Christensen is promising to sort out the specific long-term issues of how the cuts will affect city services next year.
That does not allow the public to weigh the pros and cons of the reductions in services vs. the tax savings, Hoppe said.
But the larger issue is that this type of “budgeting gimmick” -- removing the underlying cushion of unspent money -- is what created the huge deficits Beutler faced when he took office, Hoppe said.
Christensen's plan creates a “structurally unbalanced budget," Hoppe said.
"His approach is not fiscally responsible,” Hoppe said.
Two-fisted arena is swimming in money
The Pinnacle Bank Arena setup is complicated. But let's try to simplify it. Let’s look at the arena governing structure as two separate fists.
The left fist is the West Haymarket Joint Public Agency — a three-member group including the mayor, an NU regent and a City Council member -- that is responsible for paying off the bonds used to construct the arena and related street system.
JPA = debt payment
The right fist is the daily operation of the arena. That’s the responsibility of the city (mayor and council), which has a contract with an international management firm (SMG) to run the arena. Tom Lorenz, an SMG employee, is the manager.
City/SMG/Lorenz = daily operations
The right fist is living nickel to nickel. Arena operations did not make as much money as city leaders expected when they were putting together arena plans a few years ago. Daily operations have been operating in the red since the arena opened.
The left fist has tons of money, primarily from the occupation tax on bars, restaurants, hotel stays and vehicle rentals, but also from naming rights, premium seat ticket sales and long-term advertising revenues.
Mayor Chris Beutler is right when he says Pinnacle Bank Arena -- think both fists together -- has no financial problems.
When they were planning the arena, city leaders expected that each fist -- debt service and operations -- would be financially sound. But after almost two years of experience, it is clear arena operations can’t make it without help.
The recent consultant's report indicated that’s not unusual. New arenas with collegiate basketball teams as primary tenants have the same problem making ends meet on the operational side because debt service is getting much of the long-term revenue.
City leaders are tired of all the controversy and complaints about the failing arena operations when there is plenty of money to go around, as long as you consider both fists.
Last week Beutler put the two fists together and declared the arena is on "solid financial footing."
And city leaders want to drop the word subsidy from the public vocabulary. So the left fist (JPA) will simply transfer more than $1.6 million each year to the right fist (operations).
That transfer is not a subsidy under this enlightened scenario. It’s a clarification. The arena operations will be getting what it should have been getting in the first place, if the city fathers hadn’t been so darn conservative when they drew up the original arena-related agreements.

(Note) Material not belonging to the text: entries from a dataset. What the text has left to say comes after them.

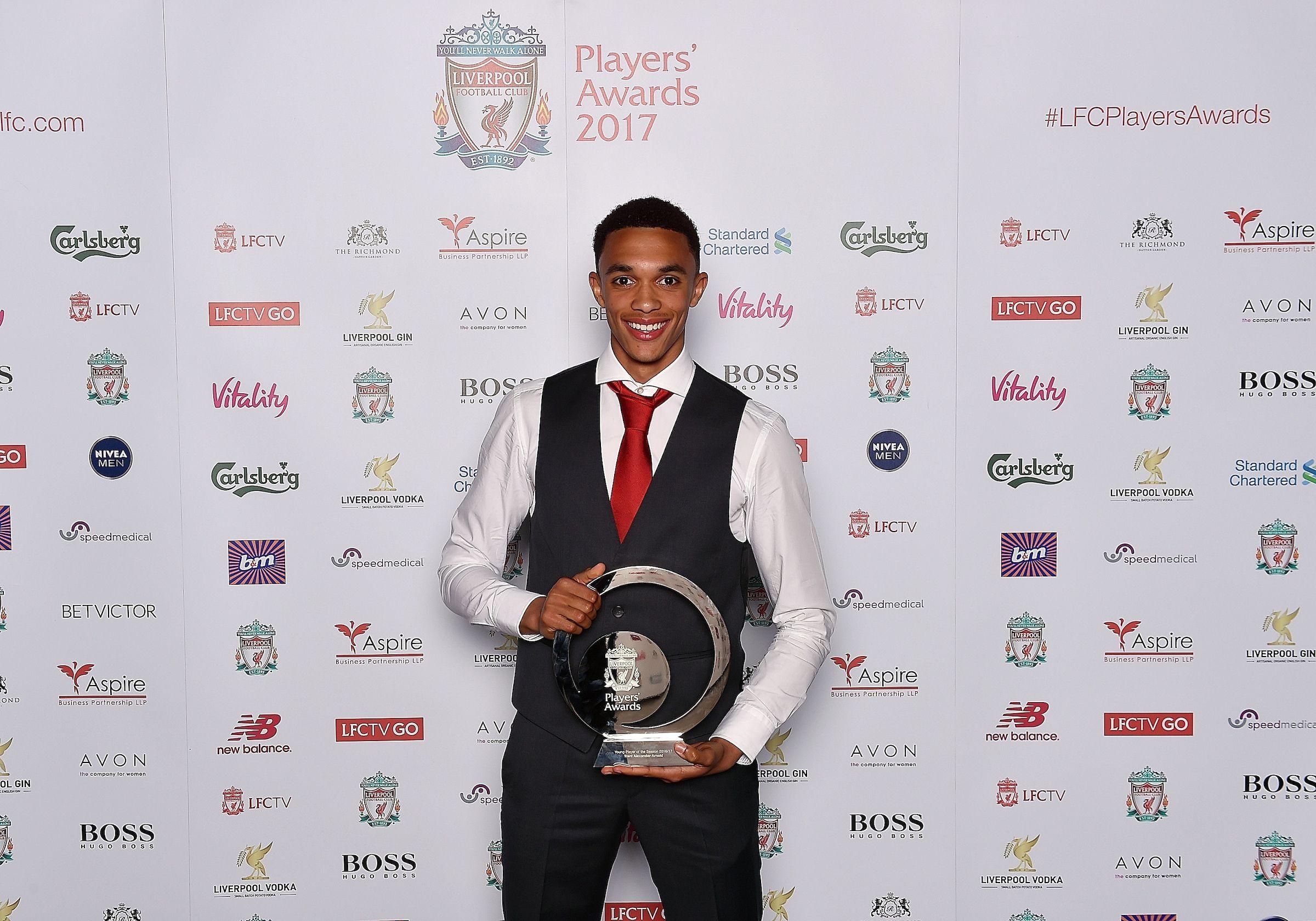 2400x1680 Trent Alexander Arnold Signs New Five Year Liverpool Contract, Desktop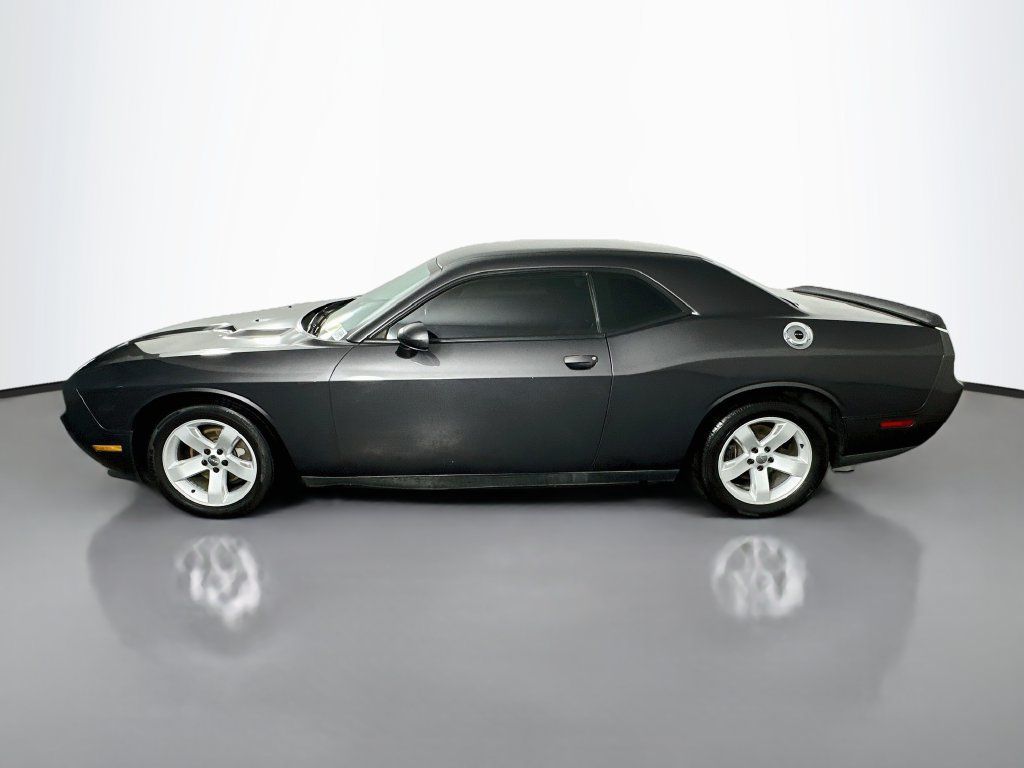 Used 2013 Dodge Challenger SXT RWD image 4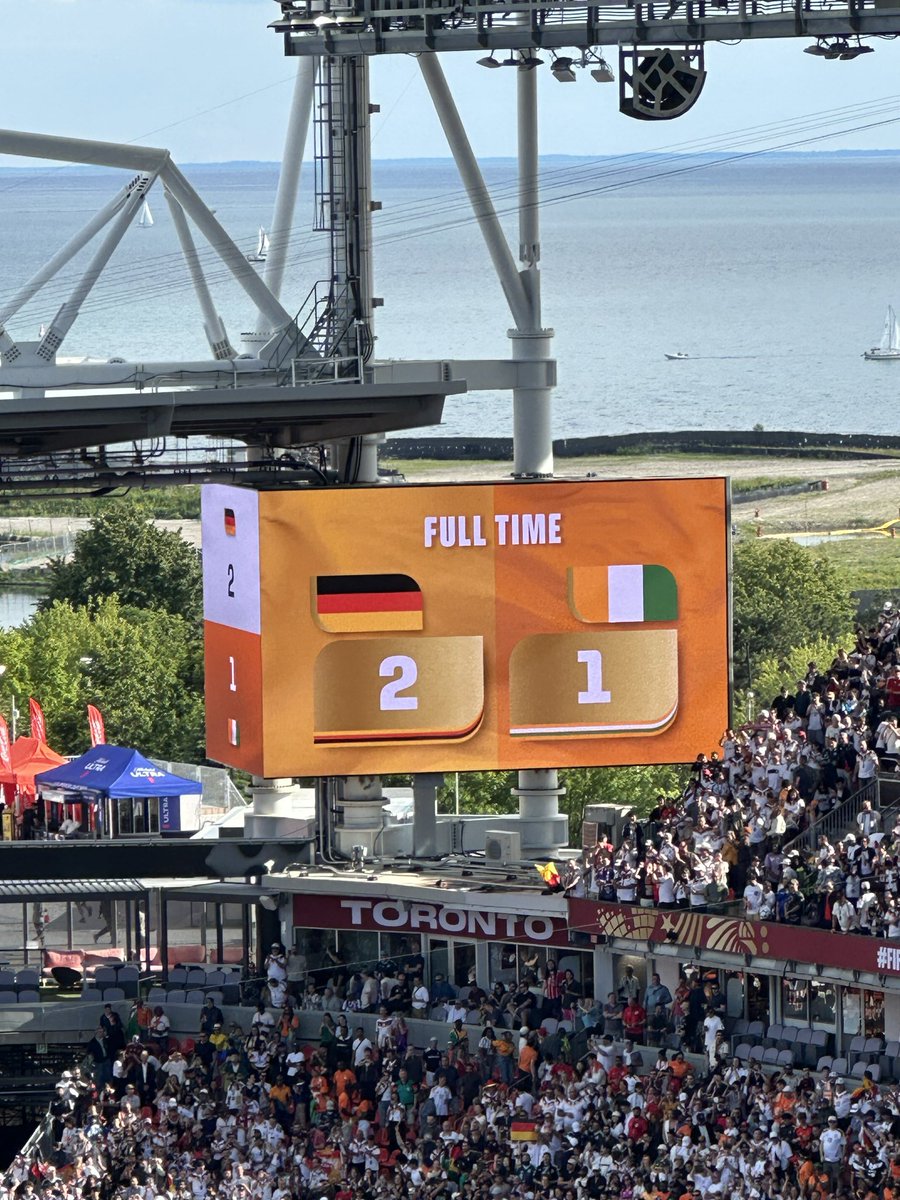 FreddyLA7's tweet photo. Second match won, but this one was way closer. We‘re already qualified for the Round of 32!!! It‘s gonna be either Boston or Dallas.
Onwards we go, six more games to win!🇩🇪 https://t.co/1jYru9XQGv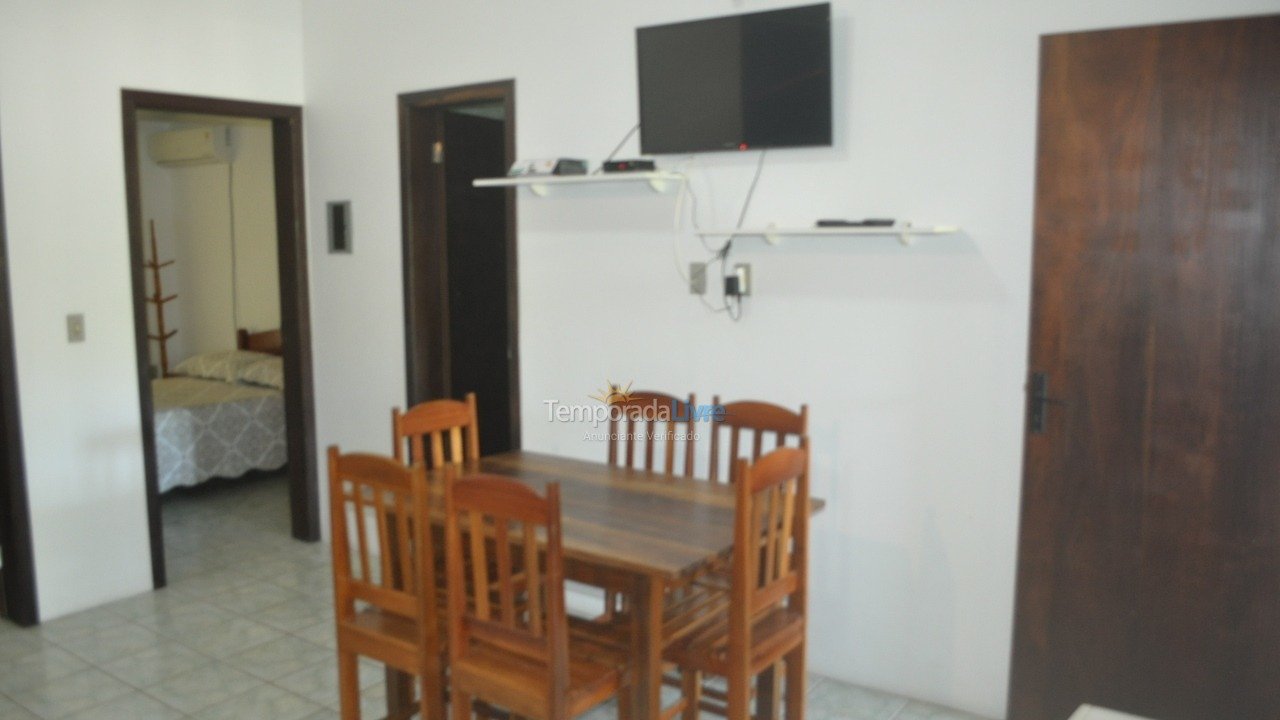 Apartamento para aluguel de temporada em Garopaba (Centro)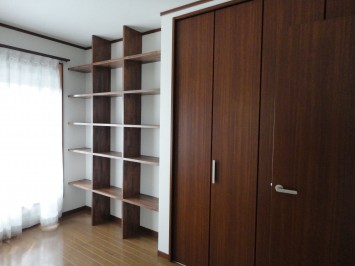 子供室　本棚造作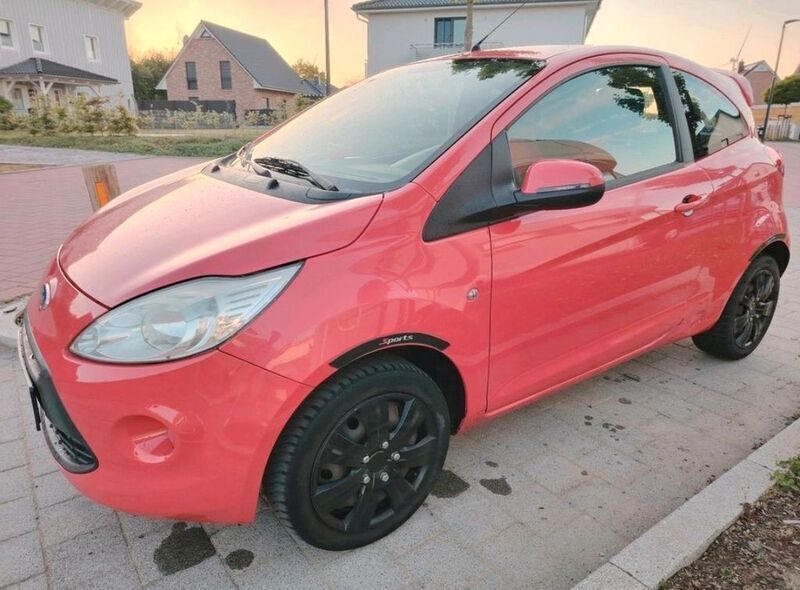 Rot Gebraucht 2009 Ford Ka Trend Kleinwagen | 2.450 € (Fairer Preis) - Bild 1/4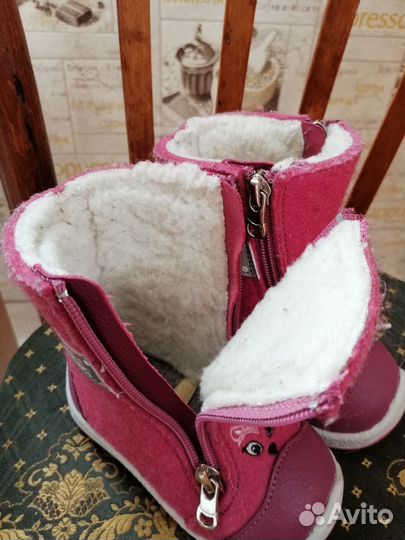 Продам ботинки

And the two-fisted arena is financially fit into the foreseeable future, based on a sophisticated computer analysis of revenue streams.
Everyone loves Hudl
Quickly and with great pleasure, the City Council this week approved all documents required so that developers can build a headquarters for Hudl in the West Haymarket.
In fact, so many council members jumped in to provide a second for the initial resolution that Chairman Trent Fellers declared it “seconded by everybody.”
“I think we all support this wholeheartedly," Councilwoman Leirion Gaylor Baird said. "It’s a game-changer. It brings 21st century jobs. It attracts the best and brightest from across the county. It gives Lincoln the ability to signal that we are a world-class city worthy of investment and attention."
Developers plan to spend more than $32 million, including about $6.6 million in tax dollars, on a seven-story office building that will house the Hudl headquarters and some Nelnet employees.
Hudl, whose founders were University of Nebraska-Lincoln graduates, provides video-editing software for tens of thousands of sports teams.